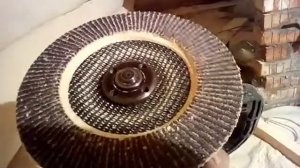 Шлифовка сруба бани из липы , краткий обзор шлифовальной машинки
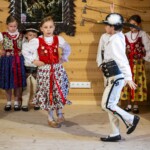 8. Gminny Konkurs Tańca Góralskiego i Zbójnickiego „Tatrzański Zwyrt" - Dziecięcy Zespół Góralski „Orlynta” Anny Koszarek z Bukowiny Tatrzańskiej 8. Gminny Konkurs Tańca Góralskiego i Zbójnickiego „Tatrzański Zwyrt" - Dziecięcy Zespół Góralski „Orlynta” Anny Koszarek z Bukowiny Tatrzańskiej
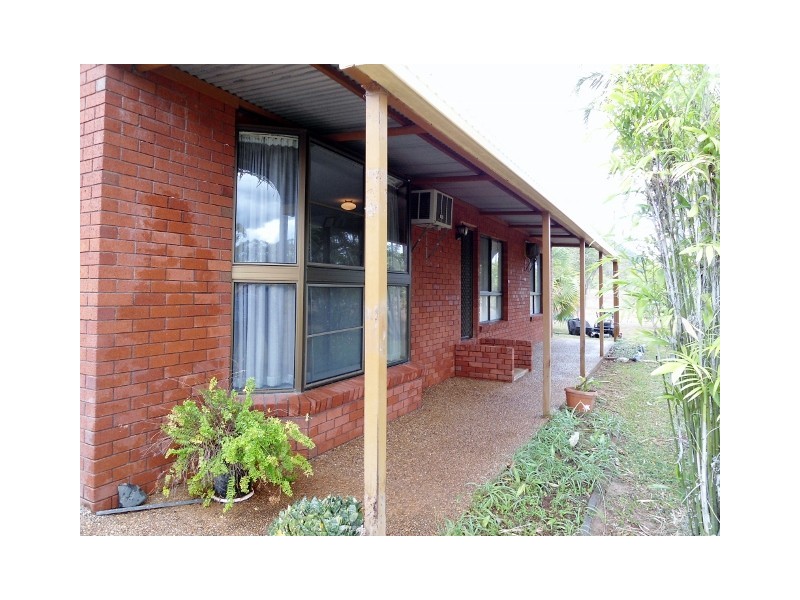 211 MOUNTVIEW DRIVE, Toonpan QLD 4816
________________________________________
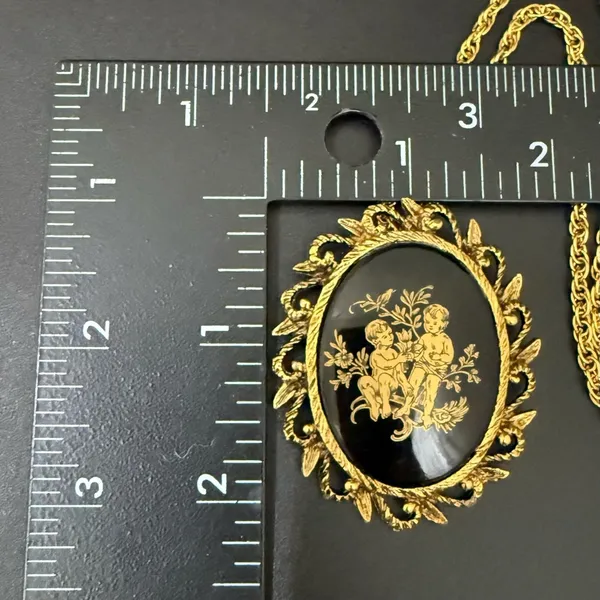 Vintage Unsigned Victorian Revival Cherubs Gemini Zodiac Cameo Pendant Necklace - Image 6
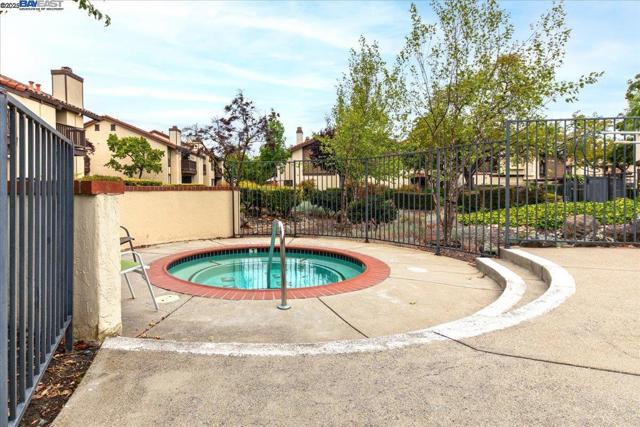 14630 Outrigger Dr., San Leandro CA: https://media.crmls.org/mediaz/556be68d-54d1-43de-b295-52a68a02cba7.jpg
________________________________________
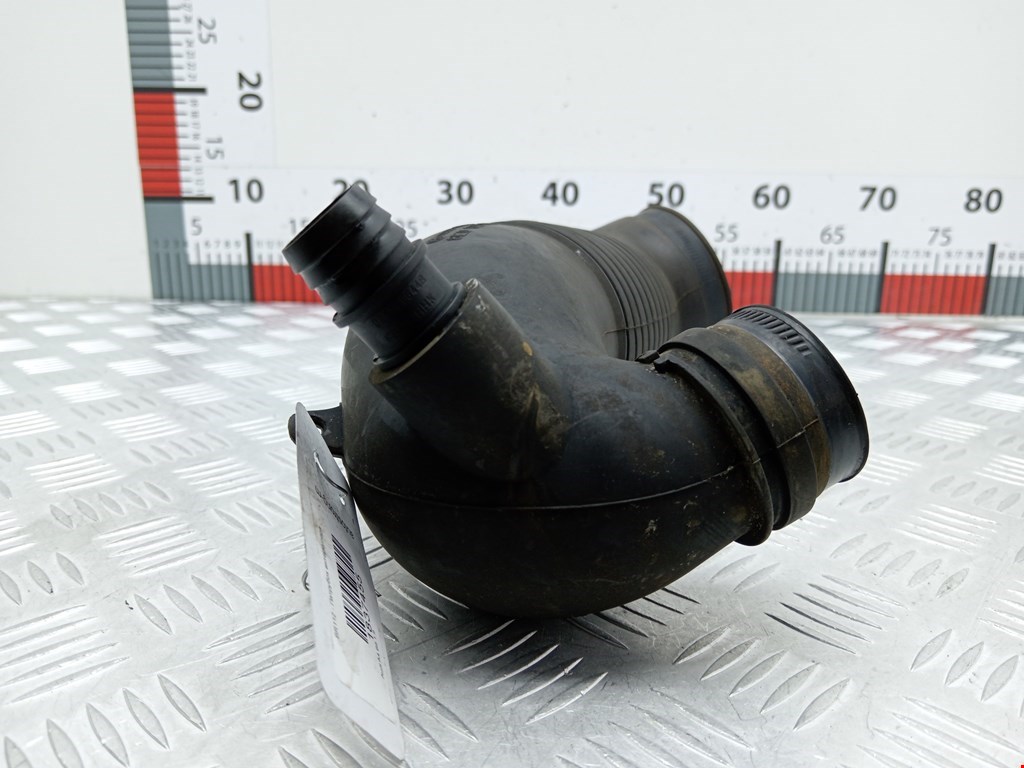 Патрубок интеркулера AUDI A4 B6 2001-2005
________________________________________
Within the listing above, the lines from the one with "Шлифовка сруба бани" through the one with "211 MOUNTVIEW DRIVE, Toonpan QLD 4816" are to be given again word for word. Do not include pictures.

 Шлифовка сруба бани из липы , краткий обзор шлифовальной машинки
 8. Gminny Konkurs Tańca Góralskiego i Zbójnickiego „Tatrzański Zwyrt" - Dziecięcy Zespół Góralski „Orlynta” Anny Koszarek z Bukowiny Tatrzańskiej 8. Gminny Konkurs Tańca Góralskiego i Zbójnickiego „Tatrzański Zwyrt" - Dziecięcy Zespół Góralski „Orlynta” Anny Koszarek z Bukowiny Tatrzańskiej
 211 MOUNTVIEW DRIVE, Toonpan QLD 4816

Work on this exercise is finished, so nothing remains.